Exercise details:
The lines from the one holding "3d rendering of a backyard design" through the end of the records below are to be written out exactly, and nothing else; pictures are to be left out.

Short descriptive text snippets:
§ §

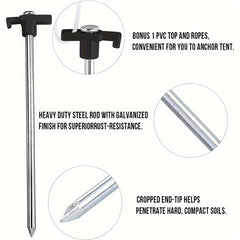 10pcs Stainless Steel Tent Stakes for Camping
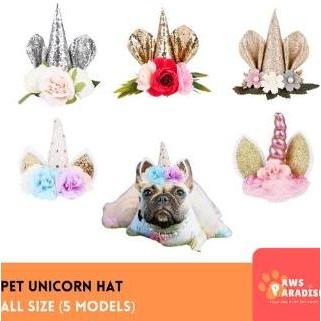 Topi Headband Anjing Unicorn / Pet Unicorn Headwear Costume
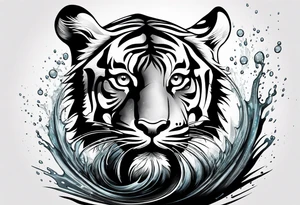 minimalist tiger splashing water tattoo idea
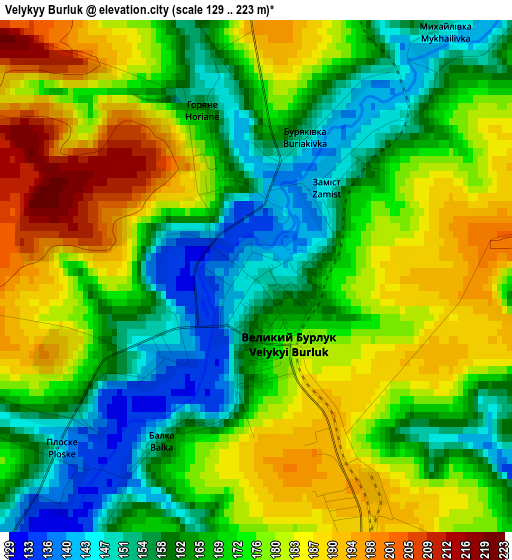 Velykyy Burluk elevation map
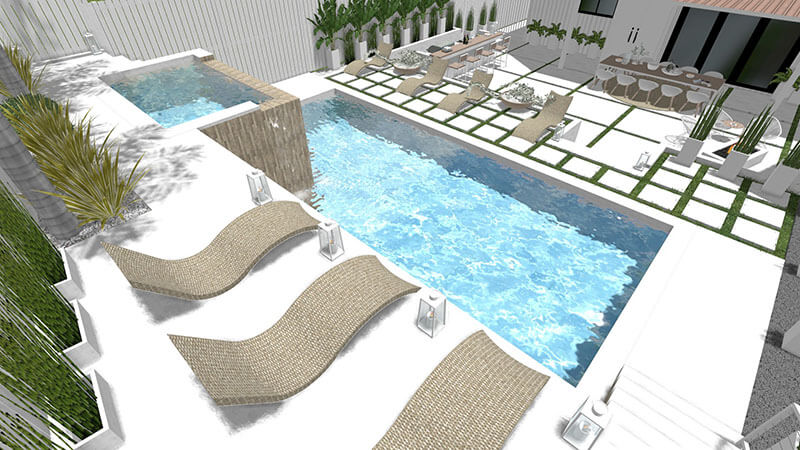 3d rendering of a backyard design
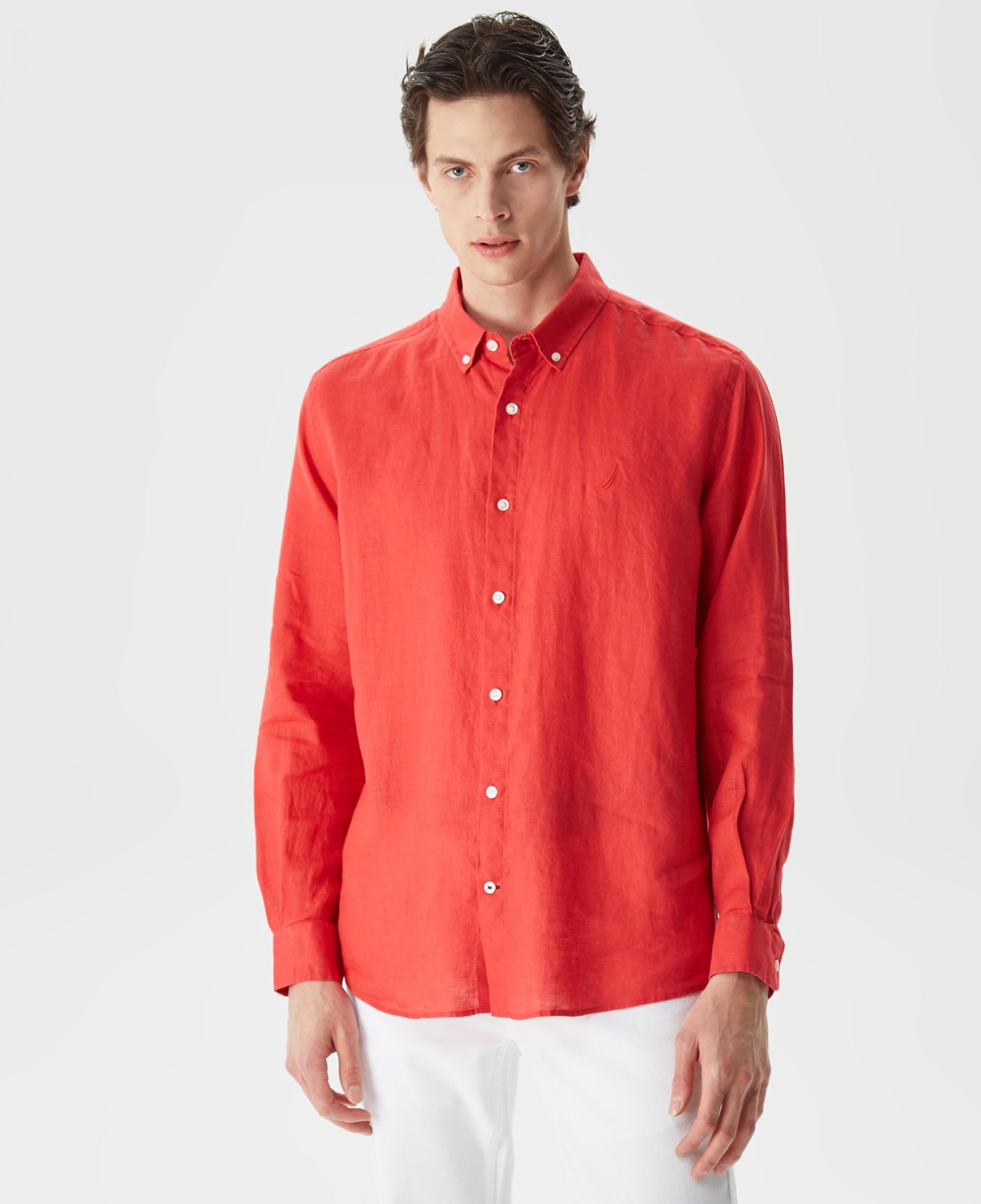 Nautica Erkek Kırmızı Classic Fit Uzun Kollu Keten Gömlek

§ §

Answer below:
 3d rendering of a backyard design
 Nautica Erkek Kırmızı Classic Fit Uzun Kollu Keten Gömlek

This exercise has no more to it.